Dlatego Berlin zwleka z wysłaniem broni do Ukrainy? Szokujące słowa o kanclerzu Niemiec
Od początku inwazji Rosji, Niemcy znajdują się w ogniu krytyki za swoją niejednoznaczną postawę wobec konfliktu w Ukrainie. Taka polityka spotyka się też z coraz głośniejszym sprzeciwem wewnątrz kraju. Głos w tej sprawie zabrał polityk opozycyjnej CDU, zajmujący się polityką zagraniczną. - Obawiam się, że kanclerz Scholz nie chce, aby Ukraina wygrała tę wojnę - oświadczył Roderich Kiesewetter.
W niedzielę wieczorem polityk CDU brał udział w programie telewizji ARD, gdzie komentował poczynania władz w Berlinie w kontekście wojny.
Kiesewetter przypomniał, że choć niemiecki parlament, po tygodniach wahań, pod koniec kwietnia w końcu zgodził się na wysłanie do Ukrainy ciężkiej broni, to do dziś dostawy takiego sprzętu wciąż nie zostały zrealizowane. Polityk winą za taki stan rzeczy obwinił Olafa Scholza. - Nie rozumiem naszego kanclerza. Myślę, że gra na czas - ocenił.
Pokreślił, że na obecnym etapie wojny, Ukraina potrzebuje głównie transporterów opancerzonych i czołgów.
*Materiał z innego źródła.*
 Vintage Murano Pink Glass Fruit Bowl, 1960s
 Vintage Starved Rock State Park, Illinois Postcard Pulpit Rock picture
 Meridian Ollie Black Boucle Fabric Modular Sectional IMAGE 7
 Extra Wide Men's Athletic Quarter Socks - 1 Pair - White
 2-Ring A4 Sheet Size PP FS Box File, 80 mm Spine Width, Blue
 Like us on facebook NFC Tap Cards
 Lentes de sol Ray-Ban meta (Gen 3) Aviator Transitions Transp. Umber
Zobacz też: rakiety podczas przemówienia Dudy. To chce zaznaczyć Putin
Kanclerz Niemiec ostrzega. "Musimy się obawiać, że dojdzie do eskalacji"
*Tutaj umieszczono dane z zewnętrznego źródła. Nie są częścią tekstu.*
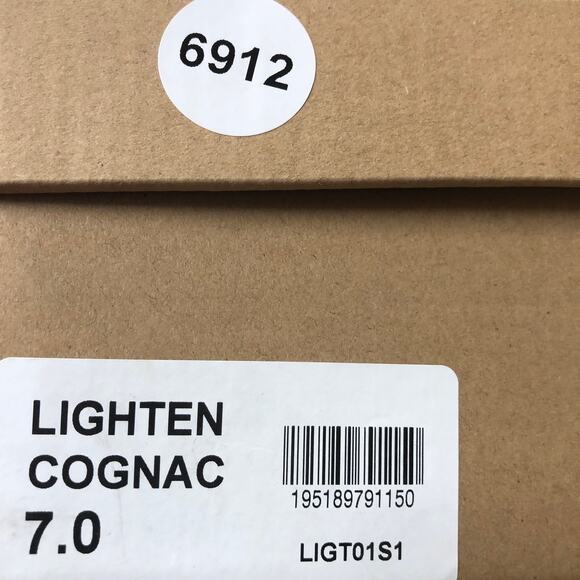 Steve Madden Womens Lighten Platform Sandal Leather Buckle Cognac 7 New - Picture 10 of 10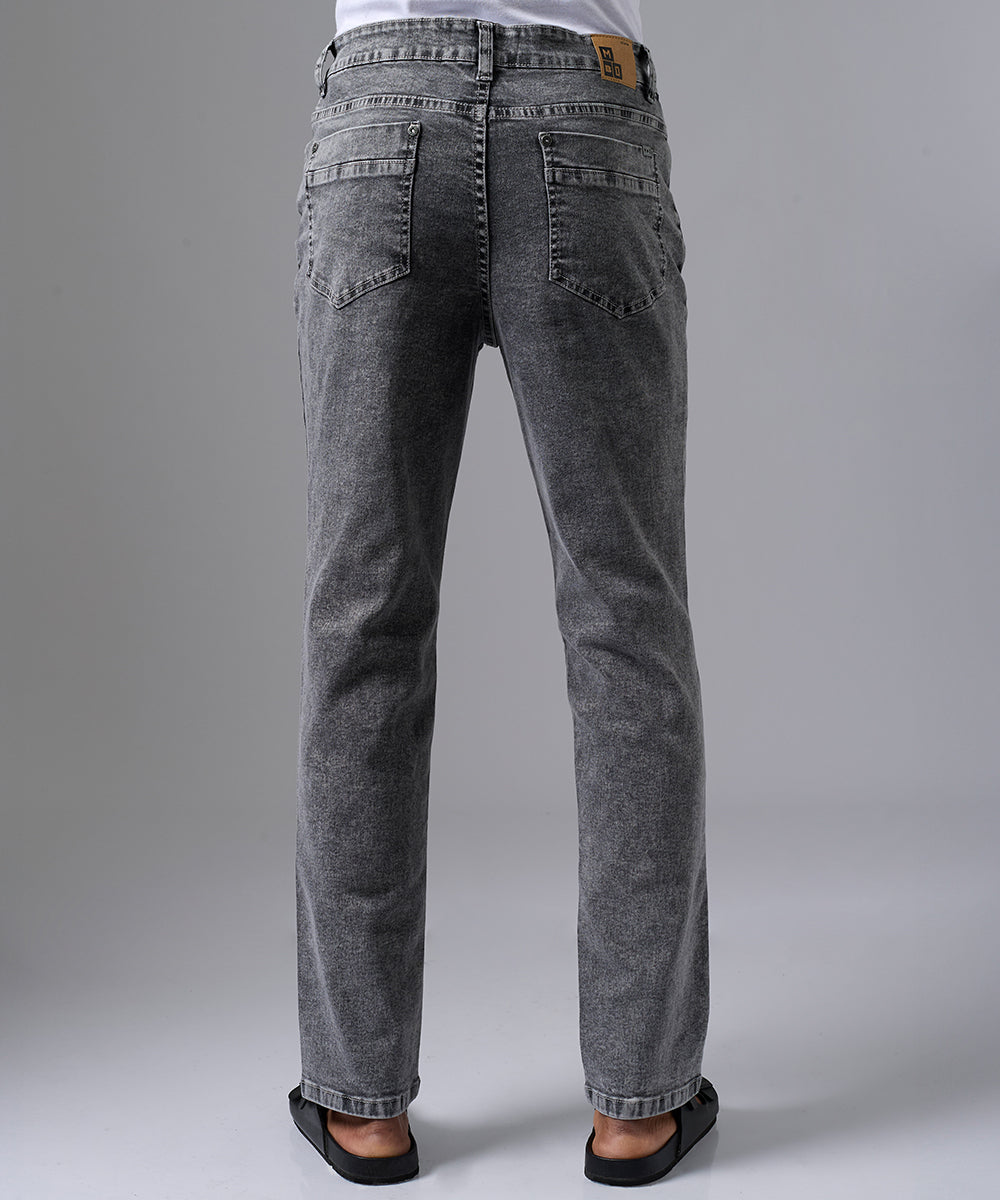 PANTALON DENIM SLIM FIT GRIS PV25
W jednym z ostatnich wywiadów Olaf Scholz stwierdził, że obawia się pogorszenia obecnej sytuacji wojennej. - Musimy się obawiać, że dojdzie do eskalacji wojny - powiedział w programie telewizji RTL.
- Jak dotąd, niestety, nie ma żadnych oznak, że wzrosła świadomość, że należy to jak najszybciej zakończyć - dodał polityk. Podkreślił jednak, że nie może to paraliżować podejmowania "rozsądnych, bardzo świadomych, a także bardzo odważnych decyzji".